◆ **Requirement**: Find the word "Wide" below. Copy each line that has it.

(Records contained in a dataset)
•••

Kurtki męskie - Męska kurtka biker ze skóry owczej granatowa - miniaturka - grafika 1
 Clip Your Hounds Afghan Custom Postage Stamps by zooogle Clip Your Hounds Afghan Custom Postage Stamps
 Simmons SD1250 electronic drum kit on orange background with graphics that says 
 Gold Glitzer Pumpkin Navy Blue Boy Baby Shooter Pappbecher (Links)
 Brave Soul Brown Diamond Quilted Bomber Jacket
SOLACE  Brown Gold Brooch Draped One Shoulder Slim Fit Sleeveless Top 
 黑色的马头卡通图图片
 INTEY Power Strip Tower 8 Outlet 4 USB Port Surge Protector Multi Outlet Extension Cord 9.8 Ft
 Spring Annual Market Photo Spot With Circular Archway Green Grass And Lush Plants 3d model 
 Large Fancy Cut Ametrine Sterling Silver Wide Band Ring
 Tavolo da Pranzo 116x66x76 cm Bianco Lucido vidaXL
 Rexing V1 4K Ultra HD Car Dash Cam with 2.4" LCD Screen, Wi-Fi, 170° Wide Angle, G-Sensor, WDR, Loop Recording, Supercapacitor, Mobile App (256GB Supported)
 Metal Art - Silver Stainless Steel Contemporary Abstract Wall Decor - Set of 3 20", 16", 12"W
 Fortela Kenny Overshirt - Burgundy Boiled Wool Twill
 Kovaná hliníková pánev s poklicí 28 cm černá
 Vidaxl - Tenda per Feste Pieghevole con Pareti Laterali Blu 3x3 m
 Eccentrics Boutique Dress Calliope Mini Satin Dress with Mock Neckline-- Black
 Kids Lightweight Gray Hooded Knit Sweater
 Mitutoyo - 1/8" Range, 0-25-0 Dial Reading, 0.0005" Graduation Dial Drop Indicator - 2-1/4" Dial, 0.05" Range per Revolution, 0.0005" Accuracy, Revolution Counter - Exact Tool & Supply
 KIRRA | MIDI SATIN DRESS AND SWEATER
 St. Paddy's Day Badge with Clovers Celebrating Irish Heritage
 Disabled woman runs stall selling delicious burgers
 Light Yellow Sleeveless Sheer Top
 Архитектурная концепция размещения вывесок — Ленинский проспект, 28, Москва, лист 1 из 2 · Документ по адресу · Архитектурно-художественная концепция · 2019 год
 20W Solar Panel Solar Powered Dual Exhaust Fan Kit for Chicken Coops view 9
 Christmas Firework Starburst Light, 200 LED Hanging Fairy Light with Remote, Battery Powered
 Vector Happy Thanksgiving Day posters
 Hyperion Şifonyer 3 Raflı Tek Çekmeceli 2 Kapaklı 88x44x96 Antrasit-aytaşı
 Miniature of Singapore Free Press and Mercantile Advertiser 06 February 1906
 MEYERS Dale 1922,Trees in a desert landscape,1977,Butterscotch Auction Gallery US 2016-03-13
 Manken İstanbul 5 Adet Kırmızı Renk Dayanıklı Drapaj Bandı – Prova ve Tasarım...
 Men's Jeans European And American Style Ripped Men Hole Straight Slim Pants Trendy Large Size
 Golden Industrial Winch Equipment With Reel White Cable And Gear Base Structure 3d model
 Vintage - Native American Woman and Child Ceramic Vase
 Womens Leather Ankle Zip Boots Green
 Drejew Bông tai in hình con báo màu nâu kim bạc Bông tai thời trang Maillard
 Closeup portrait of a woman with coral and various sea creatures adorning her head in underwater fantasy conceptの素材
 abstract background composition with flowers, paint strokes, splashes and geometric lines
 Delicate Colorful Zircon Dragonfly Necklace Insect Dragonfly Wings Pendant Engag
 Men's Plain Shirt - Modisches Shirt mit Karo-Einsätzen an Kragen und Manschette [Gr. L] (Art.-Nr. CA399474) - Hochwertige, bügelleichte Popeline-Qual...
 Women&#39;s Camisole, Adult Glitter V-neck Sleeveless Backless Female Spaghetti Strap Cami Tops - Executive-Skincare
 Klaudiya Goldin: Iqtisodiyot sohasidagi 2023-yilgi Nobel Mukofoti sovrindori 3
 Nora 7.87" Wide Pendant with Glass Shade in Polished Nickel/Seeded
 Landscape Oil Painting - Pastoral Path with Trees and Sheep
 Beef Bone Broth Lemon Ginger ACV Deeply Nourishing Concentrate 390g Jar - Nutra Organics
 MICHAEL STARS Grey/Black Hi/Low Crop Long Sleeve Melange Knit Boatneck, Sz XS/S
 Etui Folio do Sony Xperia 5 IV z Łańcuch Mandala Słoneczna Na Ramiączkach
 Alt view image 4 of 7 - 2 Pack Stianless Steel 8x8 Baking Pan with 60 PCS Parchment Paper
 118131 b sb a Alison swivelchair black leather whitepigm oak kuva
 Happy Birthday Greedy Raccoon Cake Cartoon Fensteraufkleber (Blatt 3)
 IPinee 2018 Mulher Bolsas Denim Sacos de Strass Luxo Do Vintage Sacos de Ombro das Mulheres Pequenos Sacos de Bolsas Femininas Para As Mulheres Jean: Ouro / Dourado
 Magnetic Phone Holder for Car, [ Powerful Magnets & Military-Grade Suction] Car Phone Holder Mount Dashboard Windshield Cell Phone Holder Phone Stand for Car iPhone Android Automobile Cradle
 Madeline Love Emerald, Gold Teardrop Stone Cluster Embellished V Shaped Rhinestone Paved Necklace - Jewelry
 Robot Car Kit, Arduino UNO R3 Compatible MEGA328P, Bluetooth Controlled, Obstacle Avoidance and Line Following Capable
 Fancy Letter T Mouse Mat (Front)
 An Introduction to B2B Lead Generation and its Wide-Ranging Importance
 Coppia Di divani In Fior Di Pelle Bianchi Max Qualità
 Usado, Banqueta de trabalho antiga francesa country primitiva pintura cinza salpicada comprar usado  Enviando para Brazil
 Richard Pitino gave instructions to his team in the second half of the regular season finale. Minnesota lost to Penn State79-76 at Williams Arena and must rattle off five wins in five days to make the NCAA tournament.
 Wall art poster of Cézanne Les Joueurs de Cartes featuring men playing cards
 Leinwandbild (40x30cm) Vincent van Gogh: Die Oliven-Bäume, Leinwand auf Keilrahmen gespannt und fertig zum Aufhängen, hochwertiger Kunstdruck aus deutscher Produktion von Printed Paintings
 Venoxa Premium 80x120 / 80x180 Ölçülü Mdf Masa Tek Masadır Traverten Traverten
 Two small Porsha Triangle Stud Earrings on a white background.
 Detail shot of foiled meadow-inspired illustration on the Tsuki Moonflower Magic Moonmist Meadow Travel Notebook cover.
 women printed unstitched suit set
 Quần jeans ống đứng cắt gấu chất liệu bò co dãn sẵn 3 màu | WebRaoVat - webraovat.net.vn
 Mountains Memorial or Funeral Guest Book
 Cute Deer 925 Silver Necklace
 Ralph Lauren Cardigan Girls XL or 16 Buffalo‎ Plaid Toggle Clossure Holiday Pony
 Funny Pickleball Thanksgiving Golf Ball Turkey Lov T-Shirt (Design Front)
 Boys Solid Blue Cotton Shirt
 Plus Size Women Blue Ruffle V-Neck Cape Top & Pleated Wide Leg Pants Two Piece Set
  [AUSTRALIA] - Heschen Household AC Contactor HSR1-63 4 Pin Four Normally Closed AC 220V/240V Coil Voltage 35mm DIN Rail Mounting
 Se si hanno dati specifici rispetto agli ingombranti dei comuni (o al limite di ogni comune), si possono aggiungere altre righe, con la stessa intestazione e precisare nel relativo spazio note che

•••

◆ **Exercise output**:
 Large Fancy Cut Ametrine Sterling Silver Wide Band Ring
 Rexing V1 4K Ultra HD Car Dash Cam with 2.4" LCD Screen, Wi-Fi, 170° Wide Angle, G-Sensor, WDR, Loop Recording, Supercapacitor, Mobile App (256GB Supported)
 Nora 7.87" Wide Pendant with Glass Shade in Polished Nickel/Seeded
 An Introduction to B2B Lead Generation and its Wide-Ranging Importance
 Plus Size Women Blue Ruffle V-Neck Cape Top & Pleated Wide Leg Pants Two Piece Set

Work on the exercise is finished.